You will find the complete source code of both echonet and multimodalecho in the git repo. Both directories include another README with more specific details. For convenience, you can use a venv to install all dependencies by calling:

python3 -m venv env

where env is the name of your environment directory. You can then activate the environment and install the newest version of pip:

source env/bin/activate
pip install --upgrade pip

Finally, you can enter the desired directory (echonet or multimodalecho) and install the dependencies for the respective pipeline using:

cd multimodalecho
pip install --user -e .

where the -e flag ensures that you enter editable mode and do not need to run pip install after every change you make to the source code. In case you do not plan on changing anything, you can omit this flag.

For more information on echonet and multimodalecho, consult the README file in the respective directory.

ReadMe for the MultimodalEcho part


This project (called multimodalecho for short) implements a deep learning pipeline for

  1. M-mode extraction from B-mode videos
  2. Prediction of ejection fraction using generated M-modes
  3. Assessment of cardiomyopathy with reduced ejection fraction

Dataset

The EchoNet-Dynamic dataset, consisting of over 10,000 labeled echocardiograms, was used in this project. Additional information is available at https://echonet.github.io/dynamic/. The workflow introduced by the EchoNet authors was used as a baseline for our pipeline.

Usage

YAML files

This project makes use of quite a few command line parameters.
To provide users with an overview, all parameters can alternatively be set in YAML files. Copy the provided default.yaml into a new config.yaml and configure the parameters as needed in your favourite text editor.
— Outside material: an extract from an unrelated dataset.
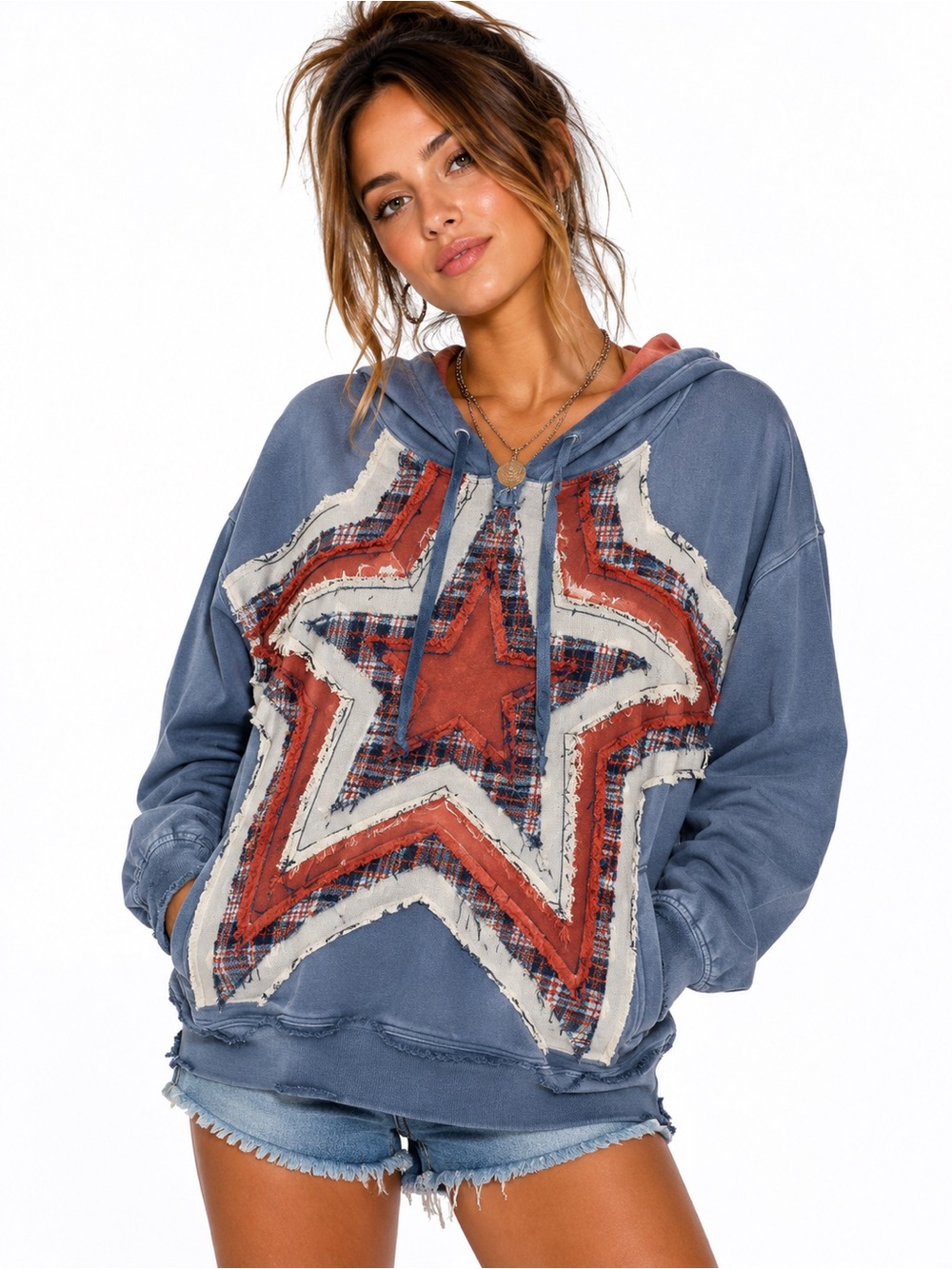Washed Blue Star Appliqué Hoodie Sweatshirt - Blue & Rust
scp default.yaml config.yaml
nano config.yaml

Inside the YAML files, each parameter and its default value are described.
In case you prefer using command line parameters, you can do so without changing anything, any parameter value passed per command line overwrites the available value in the YAML file.

Extracting videos

A first (optional) step is the extraction of videos by length, i.e. number of frames. As each frame in the video represents a one-pixel-wide vertical line in the resulting M-mode image, the video length dictates the M-mode image width.
This step is optional and simply leads to the creation of a "new" dataset containing videos of the desired length, with videos of shorter length discarded. As the same dataset is generally used for many (or all) experiments, this can be a sensible step to reduce future computational cost.
If, for example, you would like to work with 112x112 M-mode images, you could run:

python multimodalecho extract_videos

which will create the directory ../../extract_videos_112 storing the new Video directory, FileList.csv and VolumeTracings.csv.
Make sure to update the data_dir in your config.yaml file!

Running experiments

As soon as you're happy with your parameters and dataset, you can start running any individual experiment with this command:

python multimodalecho run_model

Alternatively, if you want to run several jobs on a cluster, a job submission script is available (for LSF). Define your desired value ranges for parameters you want to experiment with, select appropriate resources and you can submit a (large) number of jobs simultaneously:

./submit_jobs.sh

Collecting results

After running some experiments, you can collect your results and produce some plots using:

python multimodalecho collect_results

This function will produce a table of all results (can be suppressed passing the --no_table flag) and will produce a number of plots (can be suppressed passing the --no_plot flag).